Less Respite, More Ruckus: Re-examining Classical Concerts, Past and Present
It’s a Friday night, and I’ve found myself in a dimly lit room packed wall-to-wall with people, some tapping away on their cell phones, others chatting, all eager for the set-up to complete so the featured musicians can come onstage and start the show. I notice that the man in front of me sips from a plastic cup filled with a foaming beverage, probably beer, and I recall that on my way in, I passed by a table with alcohol and snacks for sale. Considering I’m twenty-two years old, it’s easy to assume that I’m at some local club or bar, or even a rock concert; there is no shortage of these in Portland. However, the sea of white hair and the occasional magnifying glass that pops out of a purse and hovers over the program notes immediately identify the scene as otherwise. This is a concert with Chamber Music Northwest (CMNW), an annual summer festival of classical music. The woman next to me gently taps my arm and asks if I can show her how to turn off her cell phone. Yes, I definitely won’t need earplugs at tonight’s show.
Statistically, most college students aren’t spending their evenings at classical concerts. I guess I’m in the minority among my generation’s musical preferences, but I don’t mind. I eagerly jumped on board with All Classical: the “we” in “we love this music” applies to everyone, including the summer intern. Yet just because I’m a classical fanatic doesn’t mean that my concert outings are limited to ones featuring Poulenc and Vivaldi. I recently attended a concert that, by a few simple scene transformations, may appear to have little distance from the CMNW performance at Lincoln Hall. Just subtract a couple decades from the average audience age, scatter around a few more cups of beer, take away the chairs, and there you have it: a folk concert by Gregory Alan Isakov at the Crystal Ballroom.

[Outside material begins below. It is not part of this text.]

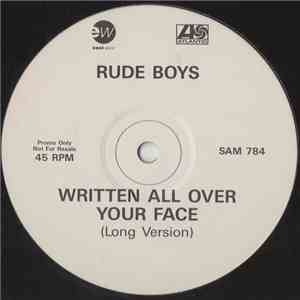 Rude Boys - Written All Over Your Face download flac mp3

But if we’re to be perfectly honest, many more than a few degrees of separation distinguish these concerts; in reality, the small transformations create two completely different atmospheres. For example, the string quartet of CMNW would be stunned if the audience jumped from their seats to dance along. And Mr. Isakov would be quite confused if audience members hushed each other as he walked out on stage. At Lincoln, a friend and I lowered our voices to a whisper if we wanted to speak briefly during the music. At the Crystal Ballroom, we had to shout. The only raised voices I hear at the classical performance are the calls of “bravo!” that follow a particularly well-played Beethoven quartet. I try to imagine this audience, which normally cringes nervously at the sound of a crinkling candy wrapper, instead imbued with the palpable energy of the folk concert fans, perhaps screaming out “we love you!” or waving their arms in hopes of catching a guitar pick tossed to the crowd. I almost start laughing at the thought. But then I remember a lecture from a recent music class on classical performance history. We may find this imagined scenario ridiculous, but a little over 200 years ago, it was the expected norm.

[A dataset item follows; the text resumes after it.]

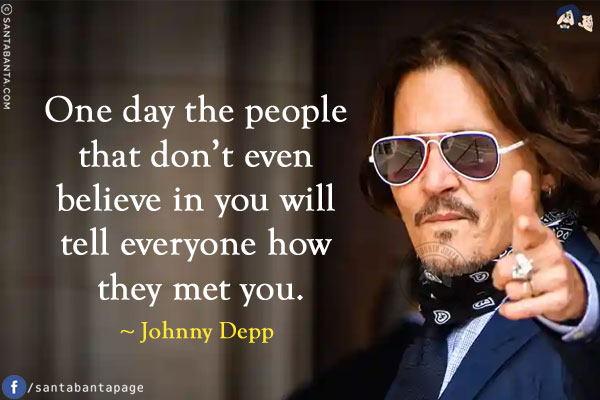 One day the people that don't even believe in you will tell everyone how they met you.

Consider the opera in 18th-century Italy. It was the place to go to check out the latest fashions, gossip, catch up with friends, and maybe hear a bit of music. “Listening to the music was only one of the things the audience was there to do,” explains Richard Taruskin, author of the comprehensive Oxford History of Western Music. The audience, “a mixture of aristocracy and urban middle class (what we would now call “professionals”—doctors, lawyers, clergy, civil servants, and military officers), was famed throughout Europe for its sublime inattention,” as well as its capacity for volume. The chatter often drowned out the music, and there was a constant stream of traffic from box to box. Only when a favorite singer or aria appeared front and center in the show would conversations momentarily pause. The now attentive audience was perhaps even more lively, “egging [the singer] on with applause and spontaneous shouts of encouragement at each vocal feat.” If cell phones had existed back then, I wouldn’t be surprised if there had been flurries of Snapchats, Tweets about who wore what, and clumps of giggling friends squeezing behind one outstretched arm to catch a selfie with the onstage prima donna.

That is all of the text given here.